_Task to complete_
Somewhere below is a line with "1611 Meridian Ave" and, later, a line with "Honda FIT 2019-11 8328705-12"; repeat those two lines and all the lines between them, exactly as they are.

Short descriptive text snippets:
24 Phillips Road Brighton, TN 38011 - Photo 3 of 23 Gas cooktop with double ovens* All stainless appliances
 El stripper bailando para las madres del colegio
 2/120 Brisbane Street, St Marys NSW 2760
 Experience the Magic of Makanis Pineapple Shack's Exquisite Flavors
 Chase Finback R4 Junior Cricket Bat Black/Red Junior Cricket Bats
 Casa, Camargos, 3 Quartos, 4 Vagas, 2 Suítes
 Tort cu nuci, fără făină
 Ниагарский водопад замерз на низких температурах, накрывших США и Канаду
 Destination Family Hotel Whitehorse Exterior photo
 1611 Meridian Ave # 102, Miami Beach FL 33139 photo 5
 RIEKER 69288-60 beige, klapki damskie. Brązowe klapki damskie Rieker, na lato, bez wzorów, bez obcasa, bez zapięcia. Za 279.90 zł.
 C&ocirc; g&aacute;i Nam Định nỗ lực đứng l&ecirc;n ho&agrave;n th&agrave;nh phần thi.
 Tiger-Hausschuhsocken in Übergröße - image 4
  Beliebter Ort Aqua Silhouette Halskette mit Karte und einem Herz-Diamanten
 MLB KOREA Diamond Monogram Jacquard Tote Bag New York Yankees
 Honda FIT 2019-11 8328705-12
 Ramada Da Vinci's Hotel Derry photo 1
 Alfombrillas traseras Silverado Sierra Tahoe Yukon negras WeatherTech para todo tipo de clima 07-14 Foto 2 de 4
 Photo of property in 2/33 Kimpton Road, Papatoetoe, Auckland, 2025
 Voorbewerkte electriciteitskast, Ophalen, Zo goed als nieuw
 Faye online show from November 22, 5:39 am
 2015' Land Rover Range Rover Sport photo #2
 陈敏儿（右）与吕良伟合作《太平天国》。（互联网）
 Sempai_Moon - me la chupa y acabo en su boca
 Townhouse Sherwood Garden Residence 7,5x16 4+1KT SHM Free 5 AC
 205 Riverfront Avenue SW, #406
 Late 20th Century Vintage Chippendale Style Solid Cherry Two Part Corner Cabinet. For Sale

_Written reply_
 1611 Meridian Ave # 102, Miami Beach FL 33139 photo 5
 RIEKER 69288-60 beige, klapki damskie. Brązowe klapki damskie Rieker, na lato, bez wzorów, bez obcasa, bez zapięcia. Za 279.90 zł.
 C&ocirc; g&aacute;i Nam Định nỗ lực đứng l&ecirc;n ho&agrave;n th&agrave;nh phần thi.
 Tiger-Hausschuhsocken in Übergröße - image 4
  Beliebter Ort Aqua Silhouette Halskette mit Karte und einem Herz-Diamanten
 MLB KOREA Diamond Monogram Jacquard Tote Bag New York Yankees
 Honda FIT 2019-11 8328705-12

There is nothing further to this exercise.